PROBLEM TO SOLVE
Copy all lines in the data that contain the string "onto".

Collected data
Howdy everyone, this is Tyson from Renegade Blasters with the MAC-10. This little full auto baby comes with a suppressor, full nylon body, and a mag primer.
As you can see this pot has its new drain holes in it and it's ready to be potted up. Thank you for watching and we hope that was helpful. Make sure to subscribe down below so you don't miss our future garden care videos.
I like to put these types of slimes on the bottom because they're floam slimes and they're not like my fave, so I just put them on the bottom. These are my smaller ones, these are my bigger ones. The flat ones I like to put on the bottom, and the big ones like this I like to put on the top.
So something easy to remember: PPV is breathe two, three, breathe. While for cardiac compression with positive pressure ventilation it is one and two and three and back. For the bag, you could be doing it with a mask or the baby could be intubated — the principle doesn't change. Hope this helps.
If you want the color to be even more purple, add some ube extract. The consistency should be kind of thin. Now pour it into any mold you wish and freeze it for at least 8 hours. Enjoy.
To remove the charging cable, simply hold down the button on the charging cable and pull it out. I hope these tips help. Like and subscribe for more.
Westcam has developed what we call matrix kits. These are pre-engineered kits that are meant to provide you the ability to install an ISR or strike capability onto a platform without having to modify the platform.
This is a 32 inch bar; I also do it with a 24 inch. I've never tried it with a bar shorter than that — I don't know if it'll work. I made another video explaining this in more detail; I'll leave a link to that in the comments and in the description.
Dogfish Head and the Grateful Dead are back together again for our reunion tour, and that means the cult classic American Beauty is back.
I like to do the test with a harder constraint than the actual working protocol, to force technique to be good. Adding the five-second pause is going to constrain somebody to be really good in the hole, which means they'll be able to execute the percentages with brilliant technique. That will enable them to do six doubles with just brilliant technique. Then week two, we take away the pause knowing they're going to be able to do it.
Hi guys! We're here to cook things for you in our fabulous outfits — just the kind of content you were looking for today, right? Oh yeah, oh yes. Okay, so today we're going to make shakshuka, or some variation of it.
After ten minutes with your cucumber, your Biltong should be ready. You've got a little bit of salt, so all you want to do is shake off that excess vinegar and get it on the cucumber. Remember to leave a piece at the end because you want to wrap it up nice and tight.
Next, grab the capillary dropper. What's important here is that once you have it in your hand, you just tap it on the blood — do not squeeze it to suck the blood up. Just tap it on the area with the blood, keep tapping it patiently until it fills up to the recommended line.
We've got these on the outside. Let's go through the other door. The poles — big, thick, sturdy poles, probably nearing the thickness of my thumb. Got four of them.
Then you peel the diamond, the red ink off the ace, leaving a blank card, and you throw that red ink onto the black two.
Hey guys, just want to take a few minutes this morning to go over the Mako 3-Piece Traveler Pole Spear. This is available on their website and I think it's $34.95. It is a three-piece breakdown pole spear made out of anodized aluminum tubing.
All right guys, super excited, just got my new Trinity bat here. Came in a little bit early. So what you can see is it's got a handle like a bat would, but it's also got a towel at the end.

OUTPUT FOR THIS EXERCISE
Westcam has developed what we call matrix kits. These are pre-engineered kits that are meant to provide you the ability to install an ISR or strike capability onto a platform without having to modify the platform.
Then you peel the diamond, the red ink off the ace, leaving a blank card, and you throw that red ink onto the black two.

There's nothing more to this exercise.